USUBJID VSTESTCD MEAN_VSSTRESN
SUBJ001 DIABP 80
SUBJ002 DIABP 85
SUBJ003 DIABP 82
SUBJ001 SYSBP 120
SUBJ002 SYSBP 130
SUBJ003 SYSBP 125

Explanation

  • tapply(...): Computes the grouped mean.
  • as.table(...): Converts the array to a table object.
  • as.data.frame(...): Converts the table to a tidy data frame.
  • colnames(...): Renames columns for clarity.

This is a clean and efficient way to get grouped summary statistics in a data frame format using only base R.


7. mapply(): Parallel Operations Across Multiple Vectors

Description:
mapply() applies a function in parallel over multiple arguments (vectors/lists).
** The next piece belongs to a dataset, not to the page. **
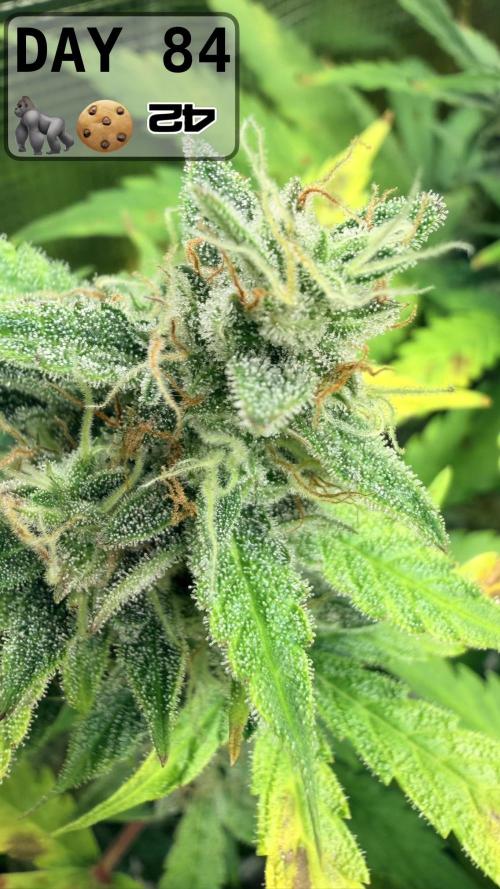 Gorilla Cookies Auto - First grow. Week 11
It is useful for row-wise operations combining multiple columns.

Possible Uses:

  • Concatenate or combine values from multiple columns for reporting.
  • Create custom flags or labels using multiple variables.
  • Apply a function to corresponding elements of several vectors.

Input Table:

AEDECOD AESEV
HEADACHE MILD
NAUSEA MODERATE
DIZZINESS SEVERE

R Example:

ae <- data.frame(
  AEDECOD = c("HEADACHE", "NAUSEA", "DIZZINESS"),
  AESEV = c("MILD", "MODERATE", "SEVERE")
)
mapply(function(a, b) paste(a, b, sep = " - "), ae$AEDECOD, ae$AESEV)

Output:

AEDECOD AESEV Combined
HEADACHE MILD HEADACHE - MILD
NAUSEA MODERATE NAUSEA - MODERATE
DIZZINESS SEVERE DIZZINESS - SEVERE

8. replicate(): Simulations and Repeated Calculations

Description:
replicate() repeats an expression multiple times, useful for simulations or generating mock data.

Possible Uses:

  • Simulate random subject ages or lab values.
  • Bootstrap resampling.
  • Generate mock data for testing.

R Example:

set.seed(123)
replicate(5, sample(20:70, 1))

Output:
A vector of 5 random ages, e.g., [38 70 57 21 67]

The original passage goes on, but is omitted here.